Was ist Systemisches Empowerment Coaching?

Ein ganzheitlicher Ansatz für Entwicklung, Selbstverantwortung und neue Handlungsspielräume.

Coaching ist mehr als ein Gespräch

Das Wort „Coach“ stammt ursprünglich aus dem Englischen und bedeutete einst schlicht: Kutsche. Heute steht Coaching für eine professionelle Begleitung von Menschen in Veränderungsphasen – sei es privat oder beruflich, in Krisen, bei Entscheidungen oder auf dem Weg zur Persönlichkeitsentwicklung.

Doch was genau ist Coaching – und worin unterscheidet es sich von Beratung oder Therapie?

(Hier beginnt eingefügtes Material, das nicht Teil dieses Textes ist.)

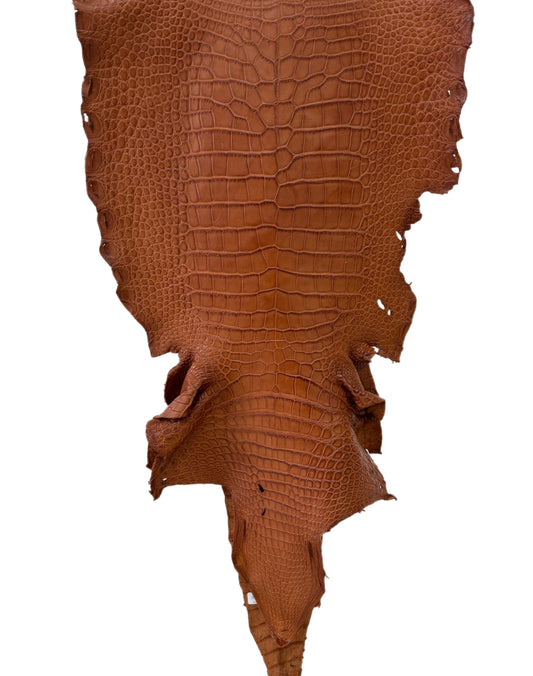 36 cm Grade 3/4 Cognac Matte Wild American Alligator Leather - Tag: LA23-0022116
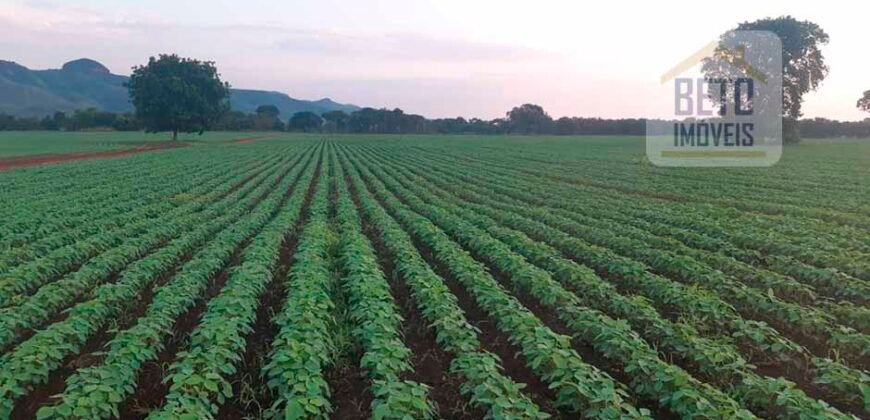Fazenda com toda infra-estrutura 5 mil hectares para lavoura e pecuária – Palmas/ TO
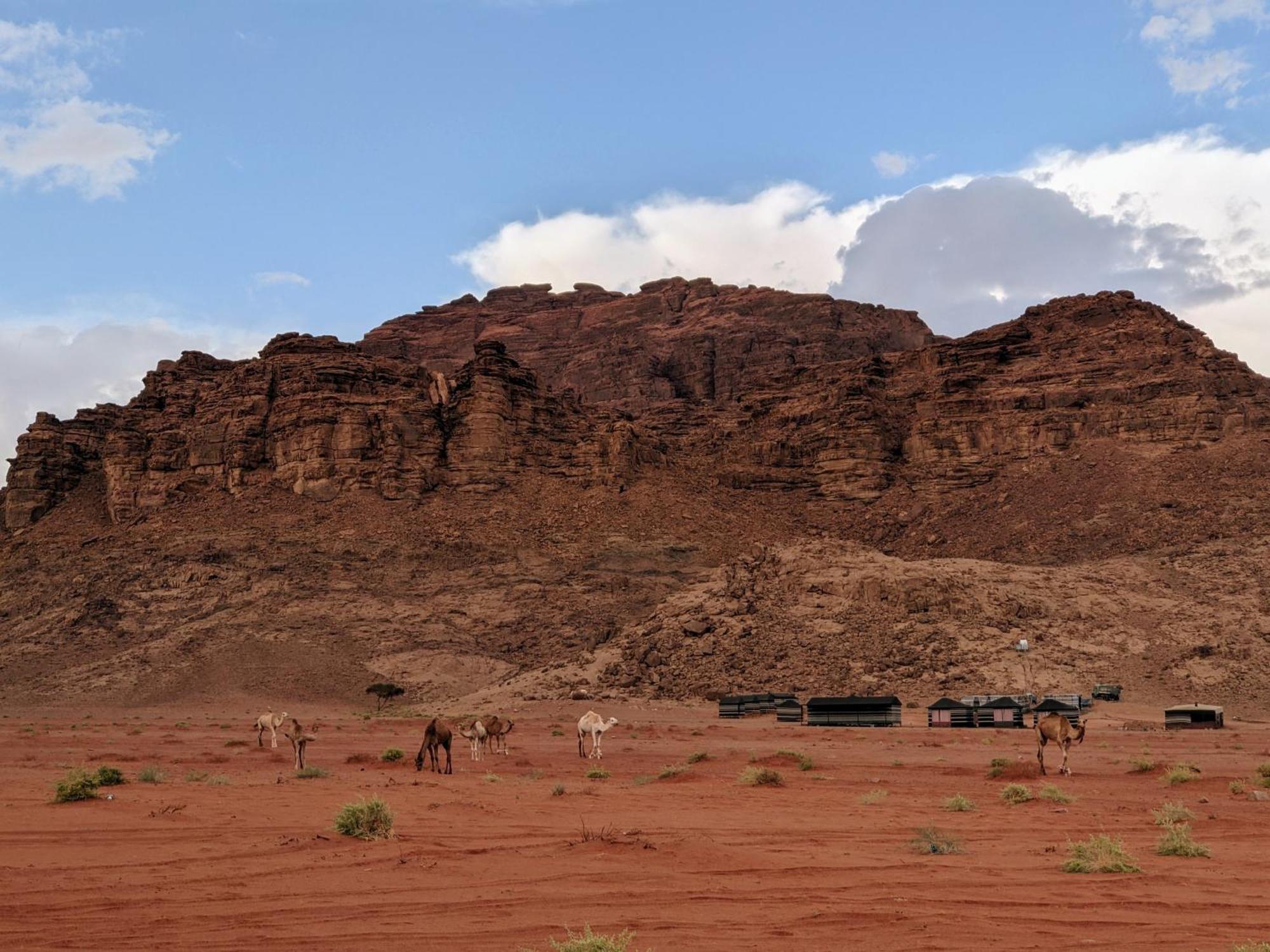 Wadi Rum Camp & Jeep Tour 외부 사진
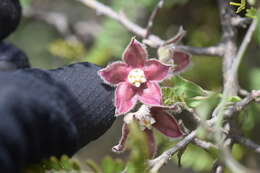 Image of Funastrum elegans (Decne.) Schltr.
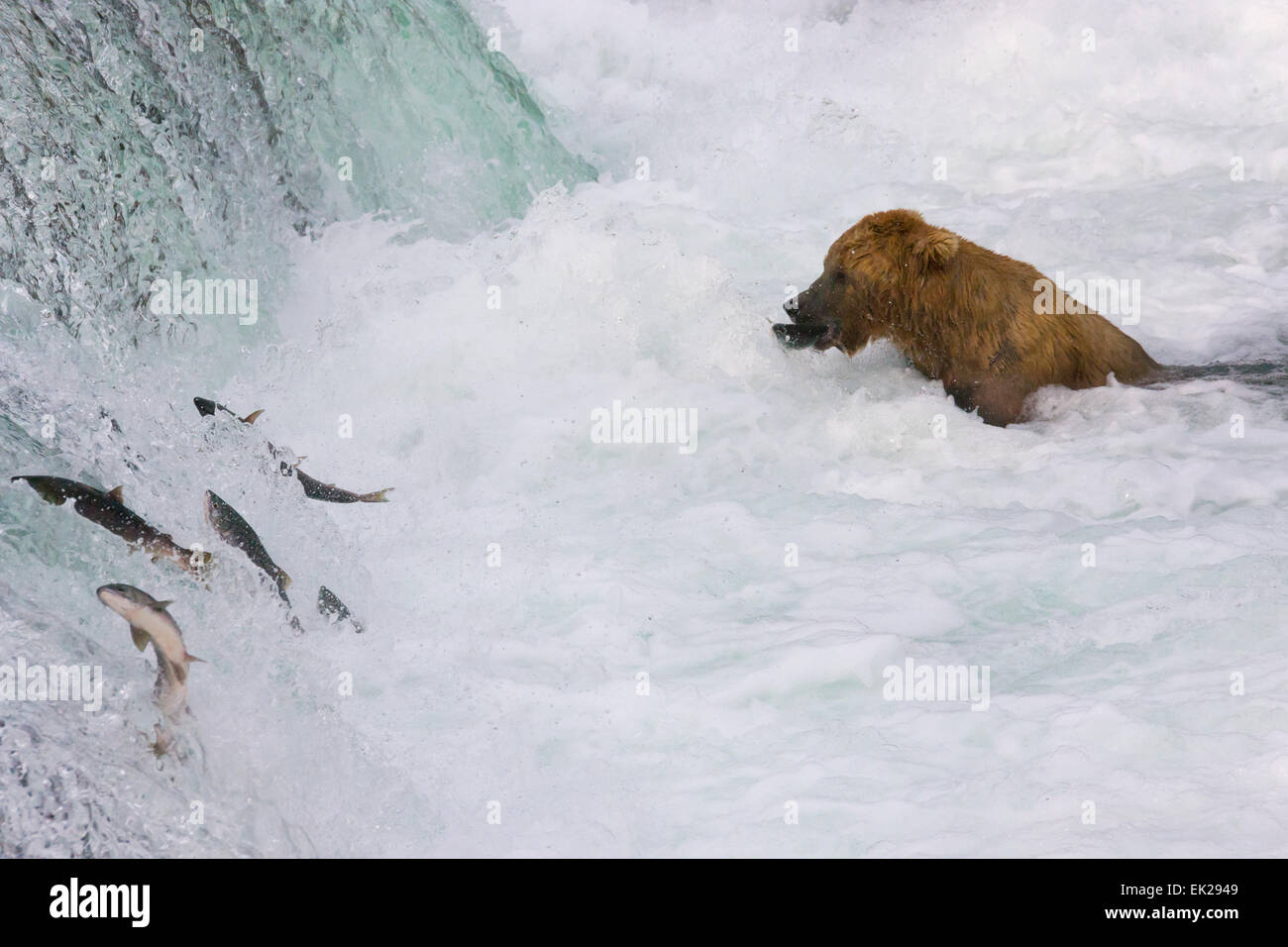 Braunbär Fang von Lachs an den Brooks Falls, Katmai Nationalpark, Alaska, USA Stockfoto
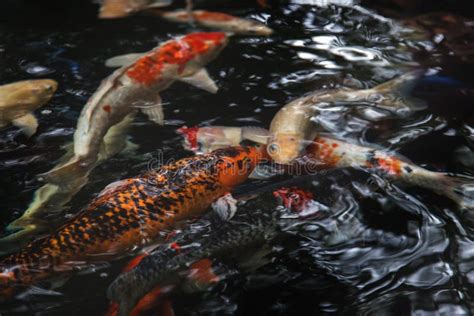 Koi Fish Is Famous Pet Of Japanese Lover And Making Relaxing Stock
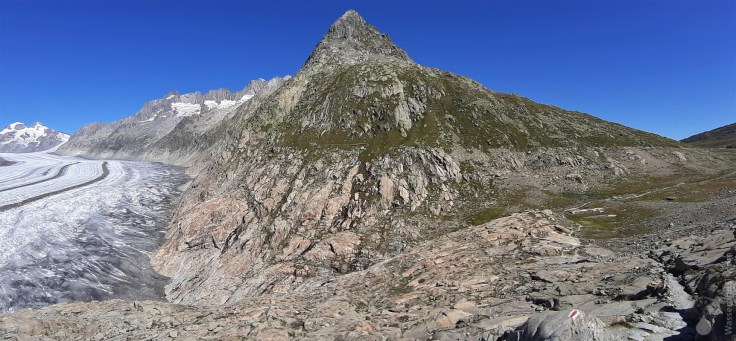 #Aletschgletscher MärjelenseeStrandlinie September 2019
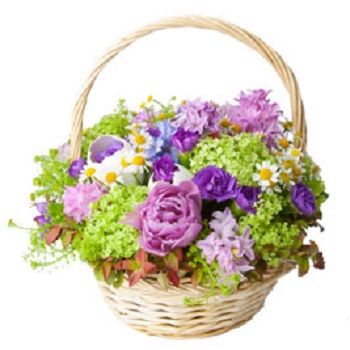 Lila Cart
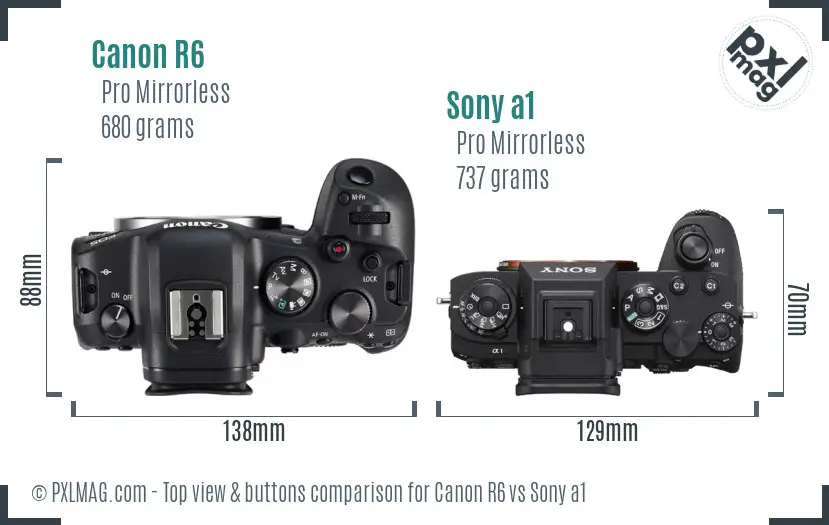 Canon R6 vs Sony a1 top view buttons comparison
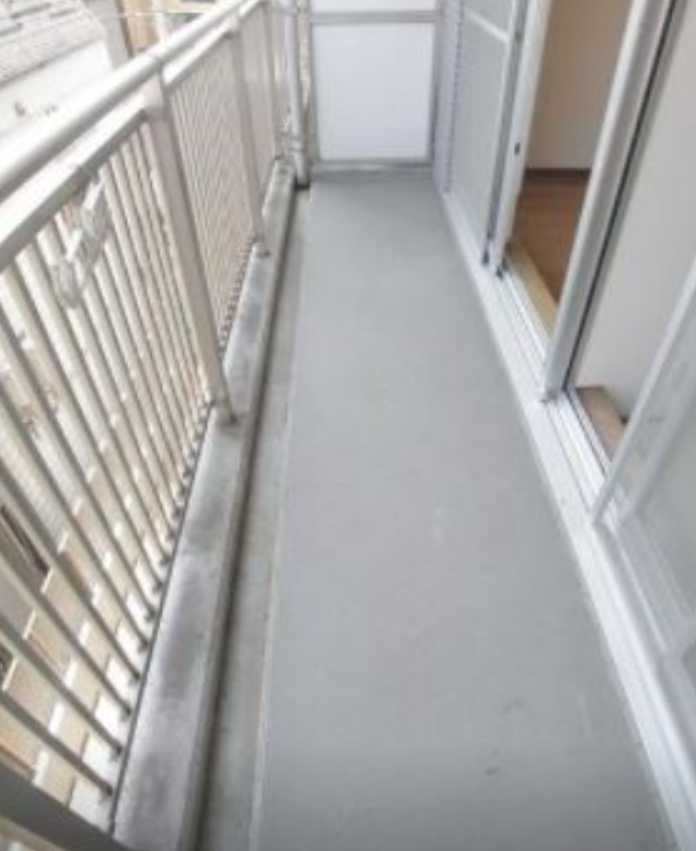 プロスパー世田谷A棟　オートロック　トランクルーム　ファミリー向けのバルコニー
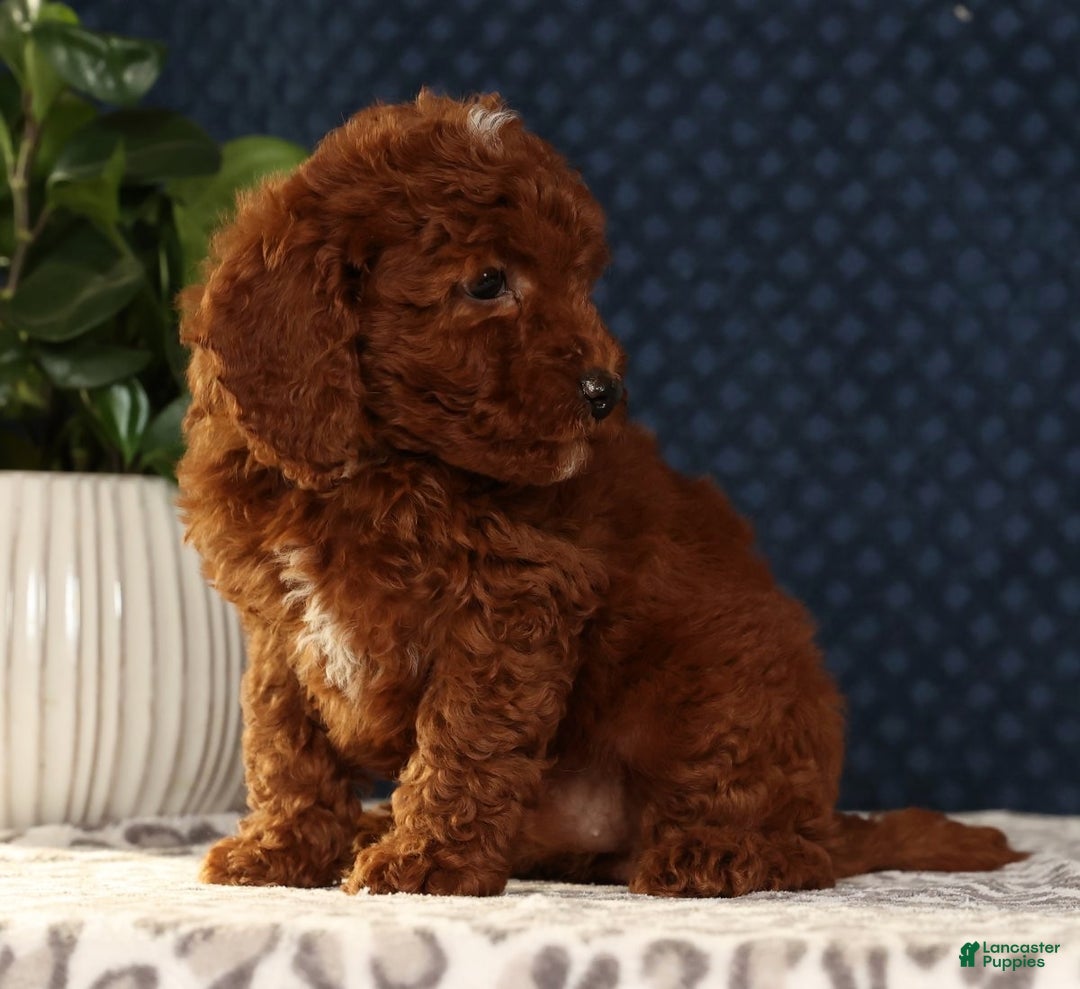 Miniature Poodle dogs for sale: Sasha - Ad 7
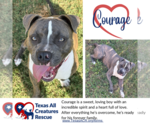Courage - Male American Pit Bull Terrier-Unknown Mix Dog for Adoption - Small photo
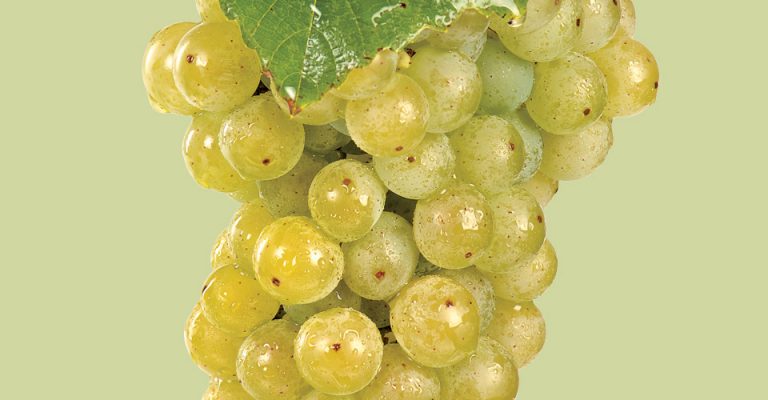 An image of Cayuga Grapes
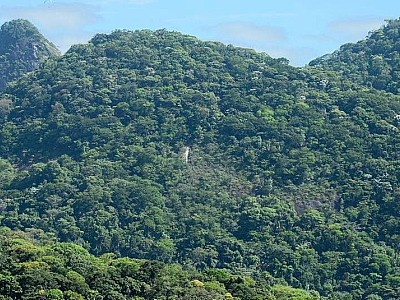 IBGE acata decisão do MPF para atualizar Mapa da Mata Atlântica 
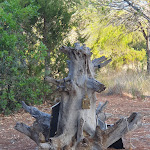 Photo n°1 de l'avis de Simonetta.r fait le 18/08/2023 à 18:06 sur le  Capo est à Siniscola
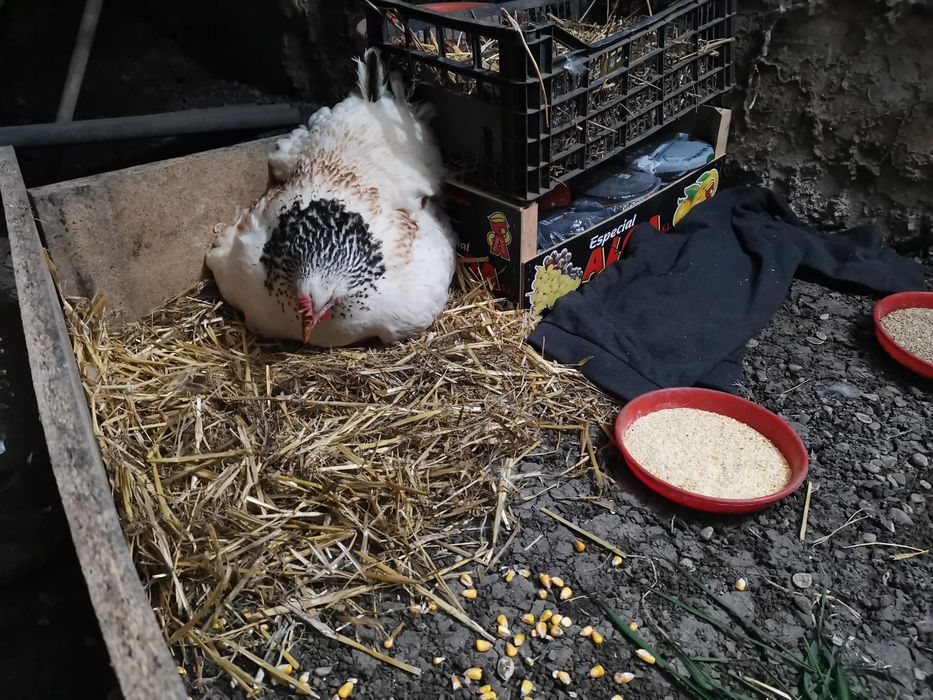 Vând oua de casă!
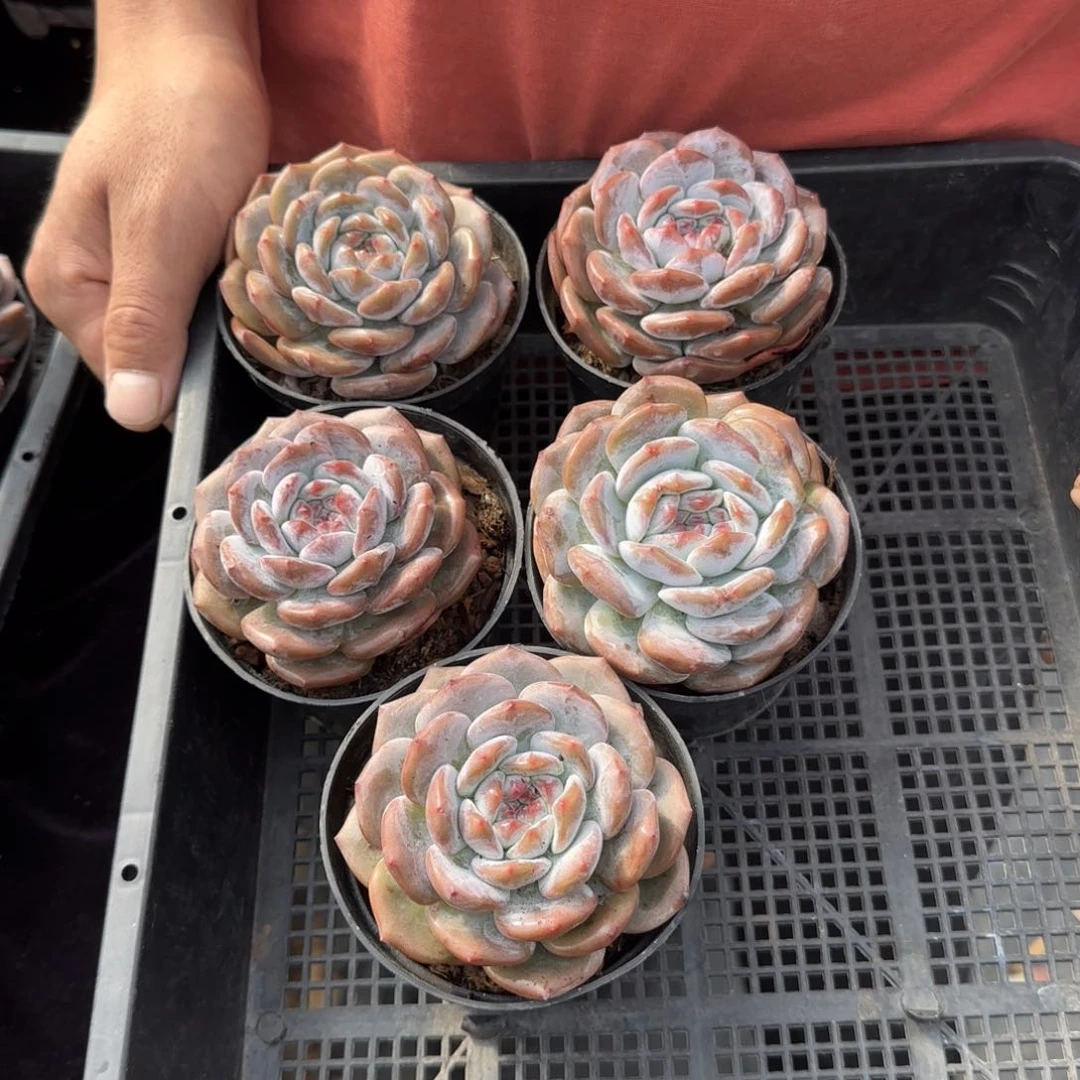 泡*泡9厘米左右一物一拍的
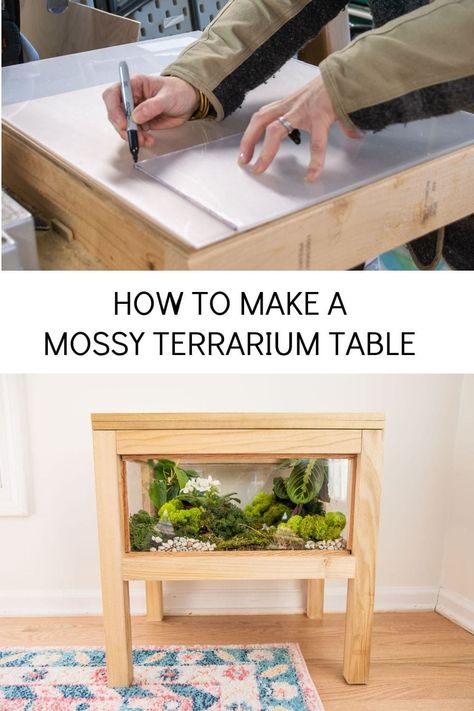 This terrarium table means we get to enjoy mossy lush plants all the time inside a functional piece of furniture. Table Terrarium, Urban Outfitters Room, Terrarium Table, Build A Terrarium, Lush Plants, Moss Terrarium, Rock Decor, Under The Table, Modern Side Table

Im Coaching geht es nicht um Ratschläge.
Coaches sind keine Expert:innen für das Leben ihrer Klient:innen. Sie sind Prozessbegleiter:innen, die durch gezielte Fragen, Methoden und Resonanz Räume eröffnen, in denen Klient:innen ihre eigenen Ressourcen aktivieren und neue Lösungen entwickeln können.

Coaching befähigt – Beratung informiert.

Was bedeutet Empowerment im Coaching?

Der Begriff Empowerment lässt sich mit Selbstbefähigung übersetzen – also die Rückkehr in die eigene Wirksamkeit.
Es geht um:

  • Eigenverantwortung stärken
  • Autonomie erleben
  • Gestaltungsspielräume erkennen und nutzen

In Empowerment steckt Power, das Kraft, jedoch auch Macht bezeichnet.
Empowerment-Coaching ist keine Methode, sondern zeichnet den Weg von der
Fremd- in die Eigenbestimmung.

Systemisch denken heißt: vernetzt denken

Das Systemische Empowerment-Coaching verbindet diese Haltung mit einer besonderen Sichtweise auf den Menschen und sein Umfeld.

Im Zentrum steht die Überzeugung:

Es gibt keine objektive Wirklichkeit – nur subjektive Konstruktionen.

Jeder Mensch interpretiert Situationen auf Basis seiner persönlichen Geschichte, Prägungen, Kultur und Wahrnehmungsfilter.Das bedeutet: Veränderung beginnt nicht mit der „richtigen Lösung“, sondern mit Akzeptanz oder einem Perspektivenwechsel.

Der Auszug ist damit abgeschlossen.